Puerto Rico has many musical genres that display a more or less African influence. If you ask any Puerto Rican what Puerto Rican music is more African, he or she may very probably say: bomba y plena. Bomba is distinct from plena. They are different genres but they share traits: often bomba songs are interpreted as plenas.
One example of a plena is the following composed by Flor Morales Ramos (Ramito, 1915-1990):
¡Qué bonita bandera,
qué bonita bandera,
qué bonita bandera
es la bandera puertorriqueña! [refrain]
The first verse is repeated twice. The fourth and last verse of this refrain completes the statement and is metrically longer. These characteristics are present in Angolan music.
Since 1979 musical ensemble Paracumbé has cultivated plena and bomba in traditional and nontraditional fashions. It has been several decades since, by the initiative of Nelie Lebrón Robles, the ensemble replaced heterophonies[1] with particular harmonies for the vocal parts, usually the refrains.
In plenas, hand drums (panderos) are used to perform different but simultaneous and interlocking rhythms that produce the multipart complex that is so characteristic of plena. A gourd scraper (güiro, güícharo or carracho) is part of the ensemble. It sounds very similar to the Ekonda boyeke and the Angolan dikanza. A large lamellophone of African origin may be used. It is called marimbola. Plenas may include stringed instruments such as Puerto Rican cuatro, Cuban tres, guitar, bass and accordeon, among other possibilities.

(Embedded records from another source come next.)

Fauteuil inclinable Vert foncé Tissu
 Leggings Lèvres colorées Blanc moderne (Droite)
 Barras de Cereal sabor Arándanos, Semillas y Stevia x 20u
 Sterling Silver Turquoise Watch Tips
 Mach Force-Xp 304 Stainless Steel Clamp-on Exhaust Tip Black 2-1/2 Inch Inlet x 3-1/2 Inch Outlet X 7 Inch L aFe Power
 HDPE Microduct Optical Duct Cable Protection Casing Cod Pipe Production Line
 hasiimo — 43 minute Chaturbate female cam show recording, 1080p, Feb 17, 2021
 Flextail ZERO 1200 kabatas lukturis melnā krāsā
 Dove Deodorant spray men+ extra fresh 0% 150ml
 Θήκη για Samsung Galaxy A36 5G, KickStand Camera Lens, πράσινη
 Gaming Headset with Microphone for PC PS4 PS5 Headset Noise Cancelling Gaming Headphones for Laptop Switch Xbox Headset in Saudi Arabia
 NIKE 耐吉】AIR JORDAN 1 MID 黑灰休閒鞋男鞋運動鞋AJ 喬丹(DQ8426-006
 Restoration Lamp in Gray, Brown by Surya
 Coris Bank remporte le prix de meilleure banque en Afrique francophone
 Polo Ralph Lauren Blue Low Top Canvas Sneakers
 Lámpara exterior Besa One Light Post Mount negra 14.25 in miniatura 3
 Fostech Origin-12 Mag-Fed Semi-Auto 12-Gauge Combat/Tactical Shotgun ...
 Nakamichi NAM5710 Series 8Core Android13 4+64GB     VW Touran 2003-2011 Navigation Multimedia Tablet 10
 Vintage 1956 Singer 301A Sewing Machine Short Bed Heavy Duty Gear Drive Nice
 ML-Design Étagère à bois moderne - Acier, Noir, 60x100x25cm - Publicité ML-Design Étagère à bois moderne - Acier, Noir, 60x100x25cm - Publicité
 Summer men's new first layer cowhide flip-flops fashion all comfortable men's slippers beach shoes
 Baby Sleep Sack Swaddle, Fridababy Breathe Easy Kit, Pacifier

These instruments are also employed in African nontraditional musical genres. Puerto Rican string instruments may be reminiscent of their African counterparts.
Hand drums as well as bomba drums are played with bare hands. This makes possible the production of sounds with different timbres on each drum. The drummers derive diverse sounds by striking the drumhead in different areas. Simultaneous rhythms are produced on drums with distinct tunings. Multipart complexes are characteristic to plena and bomba. Plena and bomba events can be quite loud. All these characteristics are very African.
Bomba drums are similar to other drums in the Caribbean area. Garífuna[2] garaon are similar in functions and sonority, but they are made in completely different ways. The garaon are made from sections of hollowed tree trunks. Bombas are made from empty barrels that, in yesteryear, may have contained products such as codfish, bacon or rum. There is no need to hollow a section of a tree trunk because barrels are already hollow. These containers are made of wood staves maintained by the pressure of metal hoops along the length of the barrel. The drums of the Anlo-Ewe (atsimevu, sogo, kidi and kaganu) of Togo and Benin are also constructed with wooden staves under pressure with metal hoops.
Another of bomba’s affinity with African performance is the relation between the dancer or dancers with the motifs beaten on the lead drum, rhythms that convert visible dance steps into audible drumming patterns. The lead drummer traces the dancer’s steps and movements with ingenious outbursts of rhythms. Other simultaneous but constant drumming patterns constitute danceable and irresistible basis for improvisations of the dancers and the lead drummer. Dancers portray their stamina, coordination and talents while the lead drummer produces sounds that coincide with the dance steps. This phenomenon is also found in Africa and in Afro America.
Paracumbé has had many opportunities to alternate and to perform together with other distinguished ensembles that cultivate and portray their own Afro American music and dance traditions. We have shared our music with brothers and sisters from Belize, Brazil, Chile, Colombia, Cuba, Dominican Republic, El Salvador, Guadeloupe, Guatemala, Haiti, Honduras, Jamaica, Kenya, Martinique, Mexico, Panama, Uganda and the United States, among others.
[1] Heterophony is a musical texture where multiple voices or instruments play the same melody at the same time, but with slight variations. The variations can be in rhythm, tempo, or embellishments
[2] The Garifuna are a people of mixed free African and Amerindian ancestry that originated in the Caribbean island of Saint Vincent and traditionally speak Garifuna, an Arawakan language.